SPSS FACTOR Computes Wrong Covariances

Summary
Wrong Covariances from FACTOR
Correct Covariances from CORRELATIONS
Correct Covariances from REGRESSION

Summary

When using pairwise exclusion of missing values, SPSS FACTOR computes wrong covariances. For correct covariances, use

CORRELATIONS (menu or syntax) or
REGRESSION (syntax only).

This tutorial presents a quick comparison of these 3 methods. We'll use baby-weights.sav -partly shown below- for all examples.

Wrong Covariances from FACTOR

Right. So let's compute the covariance matrix for weight000 through weight036 by using FACTOR. The SPSS syntax below does so using pairwise exclusion of missing values.

*Compute (incorrect) covariances from FACTOR.

factor
/variables weight000 to weight036
/missing pairwise
/print correlation covariance.

Result

SPSS Wrong Covariance From Factor Command

At first, these results look perfect. Now, let's recompute the covariance between weight012 and weigh024 from the variances and the correlation for these variables by using

$$S_{xy} = r_{xy} \cdot s_x \cdot s_y$$

where

$S_{xy}$ denotes the (sample) covariance between variables $X$ and $Y$;
$r_{xy}$ denotes the (Pearson) correlation between $X$ and $Y$;
$s_x$ and $s_y$ denote the (sample) standard deviations of $X$ and $Y$.

This gives

$$S_{xy} = 0.928 \cdot \sqrt{2170571} \cdot \sqrt{3739809} = 2643660$$

which is indeed what SPSS reports here. So how could this possibly be wrong? Our second approach will clarify just that and come up with different -but correct- results.

Correct Covariances from CORRELATIONS

The only way to obtain covariances from SPSS’ menu is by navigating to Analyze Correlate Bivariate as shown below.

Covariances In SPSS Correlations Options Dialog

This results in the syntax below. Let's run it.

*Compute (correct) covariances from CORRELATIONS.

CORRELATIONS
/VARIABLES=weight000 weight012 weight024 weight036
/PRINT=TWOTAIL NOSIG FULL
/STATISTICS XPROD
/MISSING=PAIRWISE.

Result

SPSS Covariance Matrix From Correlations Command

For weight012 and weight024, SPSS reports $S_{xy}$ = 2647181. Note that this is based on a subsample of N = 9 cases due to pairwise exclusion of missing values.
The variance for weight012, however, is based on a different subsample of N = 10...

...and that's why the previous results were wrong. FACTOR seems to compute each covariance from a correlation and two variances that may all be based on different subsamples!

CORRELATIONS, however, correctly computes all components for a covariance on the same subsample: all cases having valid values on both variables. Alternative software such as Excel and Googlesheets also comply with this approach.

I think these results provide sufficient evidence for my claim that FACTOR may compute wrong covariances. Nevertheless, let's see what our third -and best- method for obtaining covariances comes up with...

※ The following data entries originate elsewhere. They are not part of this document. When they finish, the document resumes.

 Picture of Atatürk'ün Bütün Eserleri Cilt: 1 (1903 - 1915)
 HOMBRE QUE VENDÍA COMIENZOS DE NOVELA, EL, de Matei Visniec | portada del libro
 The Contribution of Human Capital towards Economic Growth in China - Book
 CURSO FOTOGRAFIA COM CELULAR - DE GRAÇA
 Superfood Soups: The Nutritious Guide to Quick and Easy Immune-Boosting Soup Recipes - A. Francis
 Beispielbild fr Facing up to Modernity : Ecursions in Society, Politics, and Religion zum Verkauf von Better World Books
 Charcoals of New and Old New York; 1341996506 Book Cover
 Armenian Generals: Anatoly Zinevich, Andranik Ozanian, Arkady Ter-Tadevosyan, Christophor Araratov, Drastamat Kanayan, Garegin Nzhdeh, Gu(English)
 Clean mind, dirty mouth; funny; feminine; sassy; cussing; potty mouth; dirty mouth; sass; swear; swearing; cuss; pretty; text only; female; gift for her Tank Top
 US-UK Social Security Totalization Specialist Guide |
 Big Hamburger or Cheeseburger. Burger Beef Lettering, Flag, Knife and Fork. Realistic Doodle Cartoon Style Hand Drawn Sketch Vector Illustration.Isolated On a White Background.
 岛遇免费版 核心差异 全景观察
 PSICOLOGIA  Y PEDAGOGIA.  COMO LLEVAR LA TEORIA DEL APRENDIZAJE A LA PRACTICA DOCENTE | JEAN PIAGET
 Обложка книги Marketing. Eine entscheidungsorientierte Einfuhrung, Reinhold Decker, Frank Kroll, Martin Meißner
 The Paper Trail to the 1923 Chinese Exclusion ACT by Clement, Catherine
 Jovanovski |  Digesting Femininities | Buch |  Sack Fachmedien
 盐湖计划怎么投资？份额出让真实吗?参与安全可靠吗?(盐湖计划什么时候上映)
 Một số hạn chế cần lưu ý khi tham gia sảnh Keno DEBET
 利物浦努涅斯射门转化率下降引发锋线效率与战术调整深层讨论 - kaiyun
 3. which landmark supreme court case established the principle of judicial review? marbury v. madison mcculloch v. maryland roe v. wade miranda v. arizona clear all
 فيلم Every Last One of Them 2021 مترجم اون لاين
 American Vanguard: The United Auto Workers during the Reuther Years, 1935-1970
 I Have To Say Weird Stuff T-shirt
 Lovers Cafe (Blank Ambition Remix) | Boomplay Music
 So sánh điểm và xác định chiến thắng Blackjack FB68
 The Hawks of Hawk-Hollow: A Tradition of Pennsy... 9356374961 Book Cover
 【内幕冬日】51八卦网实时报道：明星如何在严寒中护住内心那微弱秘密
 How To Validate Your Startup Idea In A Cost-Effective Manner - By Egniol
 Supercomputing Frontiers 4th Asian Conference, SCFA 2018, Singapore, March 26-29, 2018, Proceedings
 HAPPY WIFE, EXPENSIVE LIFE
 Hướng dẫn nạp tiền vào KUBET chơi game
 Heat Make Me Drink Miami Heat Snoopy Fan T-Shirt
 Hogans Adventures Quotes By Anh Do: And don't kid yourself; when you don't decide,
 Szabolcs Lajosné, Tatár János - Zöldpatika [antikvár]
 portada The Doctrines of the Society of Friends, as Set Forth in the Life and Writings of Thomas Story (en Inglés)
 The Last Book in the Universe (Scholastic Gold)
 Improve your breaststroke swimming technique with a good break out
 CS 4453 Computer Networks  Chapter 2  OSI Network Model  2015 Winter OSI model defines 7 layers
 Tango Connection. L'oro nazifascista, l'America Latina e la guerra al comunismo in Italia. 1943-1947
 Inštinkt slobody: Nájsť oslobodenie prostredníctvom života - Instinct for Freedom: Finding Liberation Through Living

Correct Covariances from REGRESSION

The syntax below illustrates how to obtain covariances and the sample sizes they're based on via REGRESSION.

*Compute (correct) covariances from REGRESSION.

regression
/missing pairwise
/dependent weight000
/method enter weight012 to weight036
/descriptives n cov.

Result

Although the multiple regression results aren't helpful, the previous syntax does result in a nice and clean covariance matrix as shown below.

SPSS Covariance Matrix From Regression Command

First off, note that REGRESSION comes up with the same (correct) covariances as CORRELATIONS. So that makes 1 against 2 -or more if we take Excel and/or Googlesheets into account.

Second, note that REGRESSION results in a convenient table layout that's sorted by statistic rather than by variable. This usually comes in handy for further processing such as

computing Cronbach’s alpha or
some kind of factor analysis.

So that's basically it. Let me know what you think by throwing in a comment below. We always appreciate some feedback. Also if you think our tutorials totally suck.

Thanks for reading!

Covariance - What is It?

A covariance is basically an unstandardized correlation. That is: a covariance is a number that indicates to what extent 2 variables are linearly related. In contrast to a (Pearson) correlation, however, a covariance depends on the scales of both variables involved as expressed by their standard deviations.

The figure below visualizes some correlations and covariances as scatterplots.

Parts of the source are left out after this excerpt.